The school board heard a comprehensive update on the district’s Lilly Endowment phase two and three investments and approved a contract with AASA to develop a K–12 college-and-career framework.
Dr. Hanson opened the discussion by noting the district had received "over $38 million from Lilly," and said the administration plans regular updates on grant progress every few months. Ryan, who led the presentation, described three core initiatives under the award: a K–12 college-and-career framework and job centers, a dual-capacity family-engagement framework, and investments in staff development including a micro-credentialing system.
The presentation laid out program specifics. Ryan said the district is already implementing a schedule redesign for grades 5–8 to increase instructional minutes in math and language arts, expanding Avid as an elective, adding academic-acceleration specialists (two per middle school) to support students below proficiency, and designing a micro-credential platform intended to deliver about "600 micro-credentials per year" for staff with stipends for completion. He described early architectural renderings for job centers at Creston, Raymond Park and Stony Brook middle schools, noting flexible spaces, separate community entrances and movable walls; the earliest realistic opening was described as the 2027–28 school year, with continued uncertainty tied to construction timing.
On partnerships and procurement, Ryan said the district has contracted with Achievement Network (ANet) for instructional frameworks, wrote AASA into the Lilly application as the lead partner on the college-and-career framework and job-center curriculum, and expects to bring a micro-credentialing software contract to the board in August. He summarized an expected contract timeline: AASA on tonight’s agenda; ANet renewal in July; micro-credentialing and a dual-capacity contract in August; and construction contracts for job centers in September.
Board members questioned how consultants will work alongside district staff, how parents will be involved, and how the district will track student outcomes.
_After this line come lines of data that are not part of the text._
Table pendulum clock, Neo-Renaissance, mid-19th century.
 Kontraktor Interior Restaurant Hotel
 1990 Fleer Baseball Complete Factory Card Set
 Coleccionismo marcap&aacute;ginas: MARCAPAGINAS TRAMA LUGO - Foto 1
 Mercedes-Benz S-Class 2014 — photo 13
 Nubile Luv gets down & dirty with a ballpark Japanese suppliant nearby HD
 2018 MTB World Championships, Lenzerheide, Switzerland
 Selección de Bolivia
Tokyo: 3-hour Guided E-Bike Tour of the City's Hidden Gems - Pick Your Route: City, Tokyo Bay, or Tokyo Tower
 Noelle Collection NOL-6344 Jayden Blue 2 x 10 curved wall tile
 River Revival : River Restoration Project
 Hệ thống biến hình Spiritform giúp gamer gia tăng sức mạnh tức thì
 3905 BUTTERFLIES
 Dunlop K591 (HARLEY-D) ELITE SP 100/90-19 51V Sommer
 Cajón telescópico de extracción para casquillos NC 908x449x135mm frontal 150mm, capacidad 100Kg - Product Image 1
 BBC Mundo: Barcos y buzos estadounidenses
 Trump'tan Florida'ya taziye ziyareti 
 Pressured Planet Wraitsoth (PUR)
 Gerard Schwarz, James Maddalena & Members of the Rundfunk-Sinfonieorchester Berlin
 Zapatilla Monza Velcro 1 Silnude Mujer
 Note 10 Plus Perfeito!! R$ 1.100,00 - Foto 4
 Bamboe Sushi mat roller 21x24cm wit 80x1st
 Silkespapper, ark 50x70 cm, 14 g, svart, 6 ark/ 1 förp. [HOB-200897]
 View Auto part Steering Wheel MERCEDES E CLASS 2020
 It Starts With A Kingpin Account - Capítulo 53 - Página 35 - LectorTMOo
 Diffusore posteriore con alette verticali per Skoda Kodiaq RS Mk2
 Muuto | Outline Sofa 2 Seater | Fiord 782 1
Board member Lashonda asked whether consultants were performing work the district could do internally; Ryan said most contracts are structured to "build capacity" and work as thought partners rather than replace staff, though the micro-credentialing platform requires external software development. When asked about parent involvement, Ryan said the dual-capacity framework and contract deliverables include parent engagement opportunities; he added that parents are "a primary aspect of that" work.
Several trustees asked for clearer benchmarks and outcome tracking. One board member pressed for data showing how many recent graduates are job-ready or hold credentials; Ryan said the state collects college/career/military credentialing data the district reports to the state and that the Class of 2026’s final figures will be complete after the state's September reporting period. The administration agreed to provide a written chart of deliverables, benchmarks and more frequent progress updates to the board, and noted the next significant Lilly report is due in November.
After discussion, Julie moved to approve the AASA college-and-career framework contract and Rachel seconded. An oral roll-call vote was taken; the present members recorded affirmative votes and the motion passed. The board then closed the meeting.
The administration committed to providing written deliverables tied to the Lilly application, preliminary outcome tracking where available, and biannual financial and goal reporting required under the Lilly reporting schedule. The next substantive Lilly grant report is due in November.